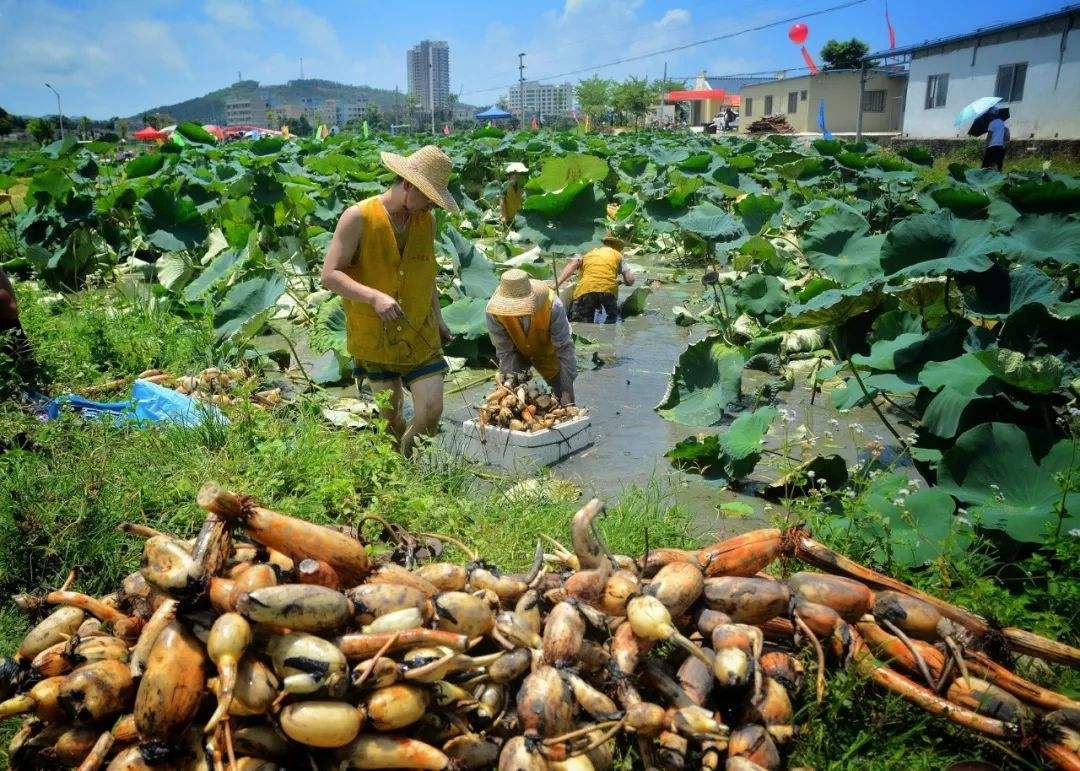 2,莲藕一身是宝,藕节也别乱丢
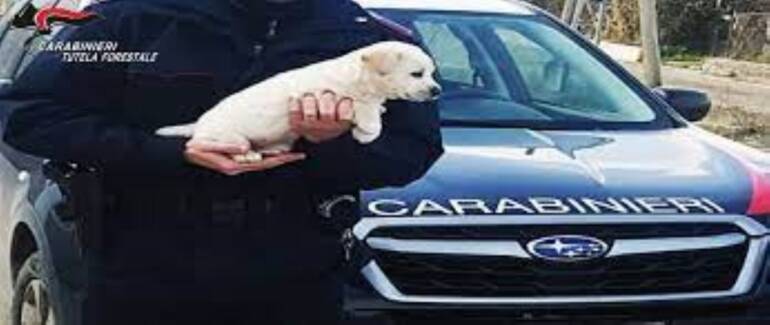 Cucciolo Maremmano salvato dai carabinieri nell’Avellinese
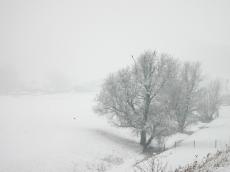  chill chilliness coldness congelation draft freeze frigidity frost frostbite frostiness frozenness gelidity gelidness glaciation shivering shivers snow wintertime wintriness white landscape tree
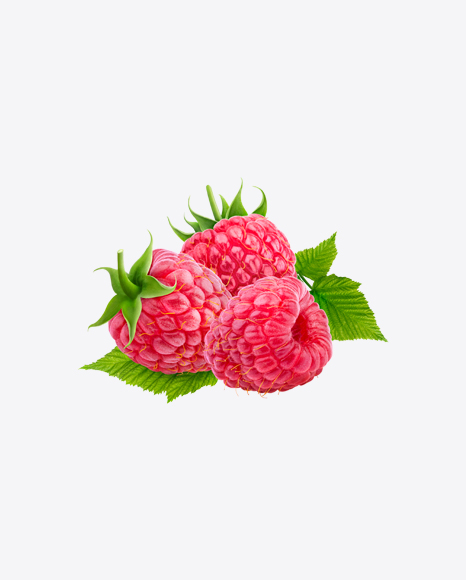 Raspberry Set PNG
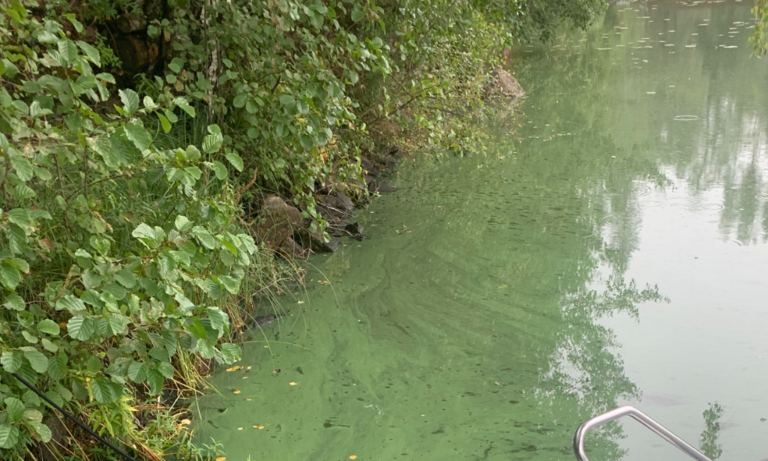 Maikkalanselkä (23.021.1.015)-Talpelanlahti-ObsALG-202309011000-64f1aa318356f.png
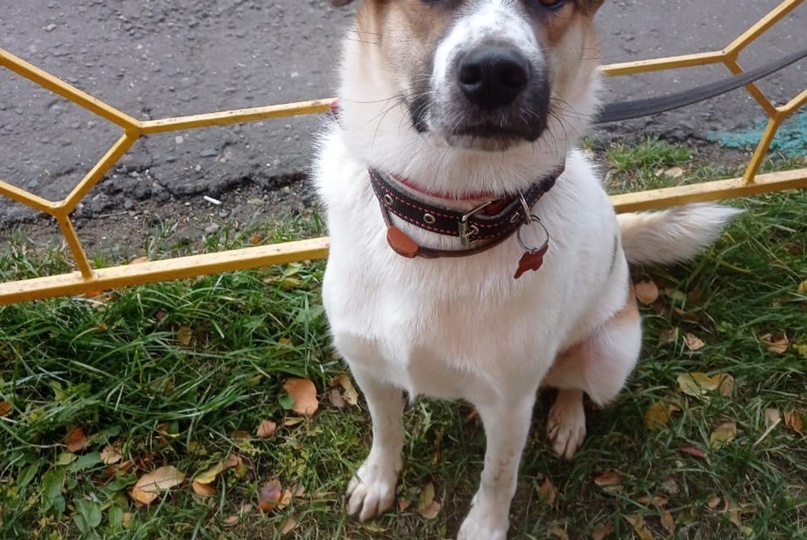 Волонтеры нашли собаке новый дом, но забыли, когда это произошло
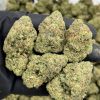 Melonade Zkittlez mixed lights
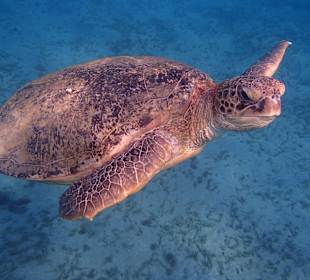 Schnorcheln Marsa Alam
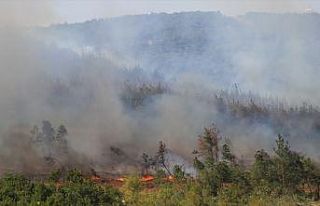 Keşan'daki orman yangını söndürüldü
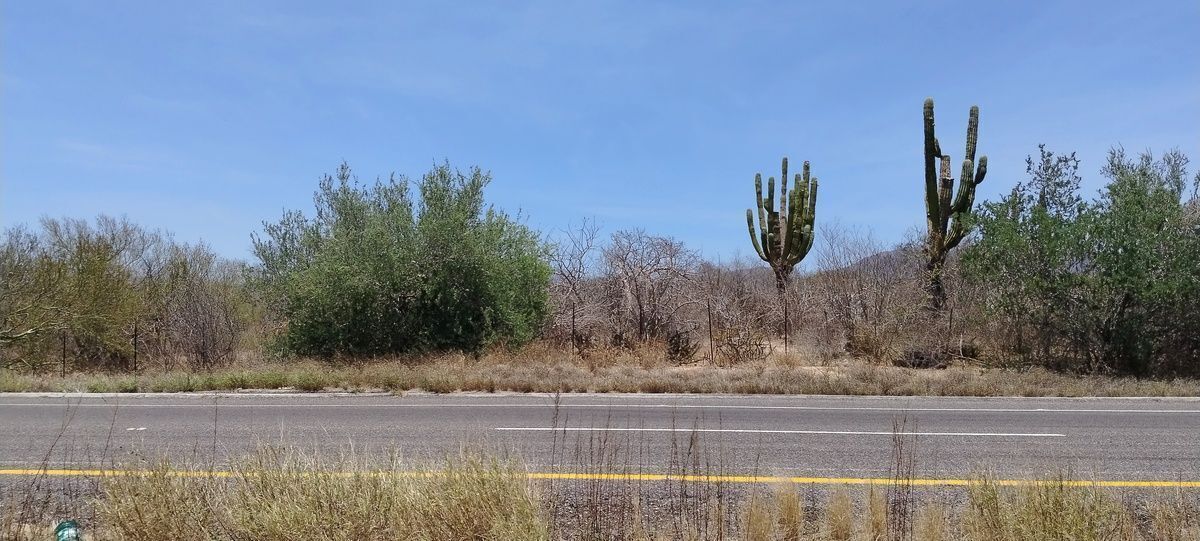 4 de 5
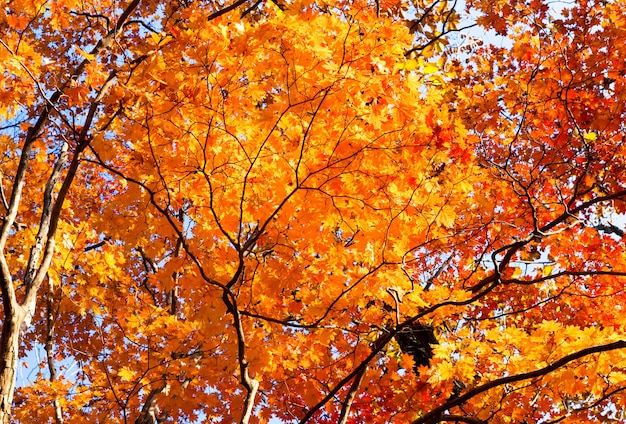 Fond de feuilles d'érable d'automne. Branches d'un érable rouge d'automne. feuilles sur une branche d'érable qui deviennent rouges et oranges à l'automne.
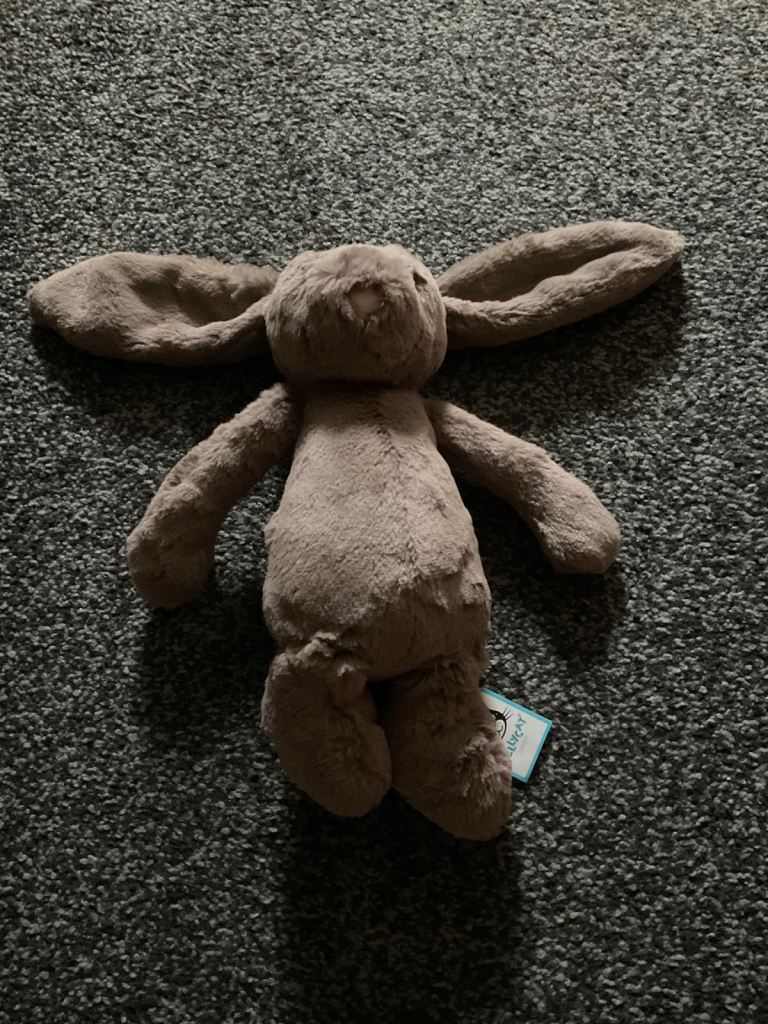 image for Retired jelly cat medium bashful truffle bunny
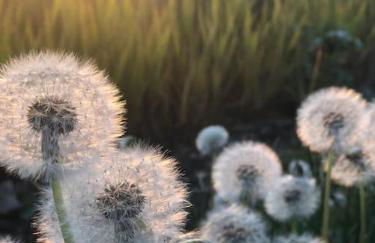 Grants Cottage, Brackley - Foto 6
━━━━━━
PROBLEM DESCRIPTION
The listing is to be repeated exactly, with its pictures removed.

EXPECTED OUTPUT
 2,莲藕一身是宝,藕节也别乱丢
 Cucciolo Maremmano salvato dai carabinieri nell’Avellinese
  chill chilliness coldness congelation draft freeze frigidity frost frostbite frostiness frozenness gelidity gelidness glaciation shivering shivers snow wintertime wintriness white landscape tree
 Raspberry Set PNG
 Maikkalanselkä (23.021.1.015)-Talpelanlahti-ObsALG-202309011000-64f1aa318356f.png
 Волонтеры нашли собаке новый дом, но забыли, когда это произошло
 Melonade Zkittlez mixed lights
 Schnorcheln Marsa Alam
 Keşan'daki orman yangını söndürüldü
 4 de 5
 Fond de feuilles d'érable d'automne. Branches d'un érable rouge d'automne. feuilles sur une branche d'érable qui deviennent rouges et oranges à l'automne.
 image for Retired jelly cat medium bashful truffle bunny
 Grants Cottage, Brackley - Foto 6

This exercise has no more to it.